Brazil was the last place in the Americas to abolish slavery — it didn't happen until 1888 — and that meant that the final years of the practice were photographed.
This has given Brazil what may be the world's largest archive of photography of slavery, and a new exhibition in Sao Paulo is offering some new insights into the country's brutal past.
One image at the exhibition, for example, has been blown up to the size of a wall. "Things that you could never see, suddenly you see," says anthropologist Lilia Schwarcz, one of the curators of the new exhibition called Emancipation Inclusion and Exclusion.
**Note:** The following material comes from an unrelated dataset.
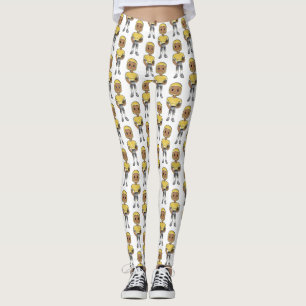 vintage retro fotbollsspelare svart gul enkel leggings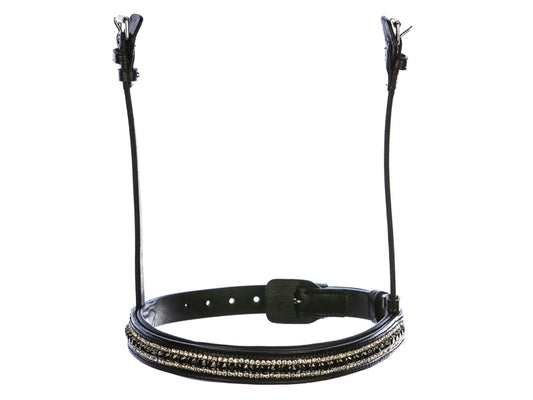 English noseband with white and black crystals for StepByStep bridle by EQUES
In its original size and composition, the image from photographer Marc Ferrez, one of the most impressive photographers from 19th century Brazil, shows a wide shot of a group of slaves drying coffee in a field. Their faces are indistinct but the overall impression is one of order and calm. But once the picture is blown up, the expressions become distinct and details emerge. A female slave is breastfeeding a child in the field; clothes that look neat are seen to be tattered.
"Expanding the photos, we can see a lot of things we couldn't see and the state didn't want to see," Schwarcz says. "We do not want to show slaves only like victims."
Brazil's History With Slavery
Slavery in Brazil lasted for 300 years, and it imported some 4 million Africans to the country. These images were taken during the waning days of slavery and Brazil's monarchy. Many were commissioned by the state in an attempt to show slavery in a better light.
Sergio Burgi with the Moreira Salles Institute, which donated the photographs to the show, says blowing up the images shows the underlying brutality of the system. In another image, slaves are lined up waiting to be taken into the field. All are barefoot. In between them, once the image is enlarged, we can see many young children.
"Its incredible what you see," Burgi says. "The amount of children who very early go out ... how would they manage to take care of these children out in the fields?"
Lilia Schwarcz says the slave system was based on violence, and the photos, when when viewed closely, show just how violent that system could be. Whats astounding about the exhibition is the variety of situations that slaves were photographed in: not only in the fields but in their owners' homes, in the city and taking care of the white children of their masters.
One of the most striking images is of a white woman sitting in a litter. The two slaves that would carry her through the streets of the city are standing next to her. One looks down, in deference. The other man is leaning against the litter, his hat tipped at a jaunty angle, staring straight at the camera.
"He's showing himself, and saying 'I'm not just like this, I'm another thing. I'm something different. I'm something else," Schwarcz says.
Opening New Discussions
The images in the exhibition were taken from 1860 to 1885. Slavery ended in Brazil in 1888, and the photos also reveal a tricky and difficult moment for slave owners in Brazil, says Maria Helena Machado, a historian who also contributed to the exhibition.
"It was almost the end of the slave system in Brazil, but those owners ... they wanted very much to keep the slave system," Machado says.
Machado says the late 19th century was even more brutal than before because, with slavery about to end, owners wanted to get as much as they could in terms of slave work. "They are not concerned anymore about surviving, so who cares? 'I need to get my money back,'" she says.
Machado says many slaves were running away, while others had formed armed bands and were revolting. The enlarged images show the look in the eyes of the slaves. The battle, says Lilia Schwarcz, is very evident.
"They were fighting for their freedom," she says. "So you have here a discussion about freedom."
A discussion that curator Sergio Burgi says continues today, with the people who have come to see the exhibition. "People here in Brazil have reacted in very interesting ways saying 'Oh that reminds me of my time as a kid, and I used to live in a rural area and everything looked similar,'" he says.
Burgi says even decades after slavery, blacks lived in the same conditions, and that legacy continues to resonate today.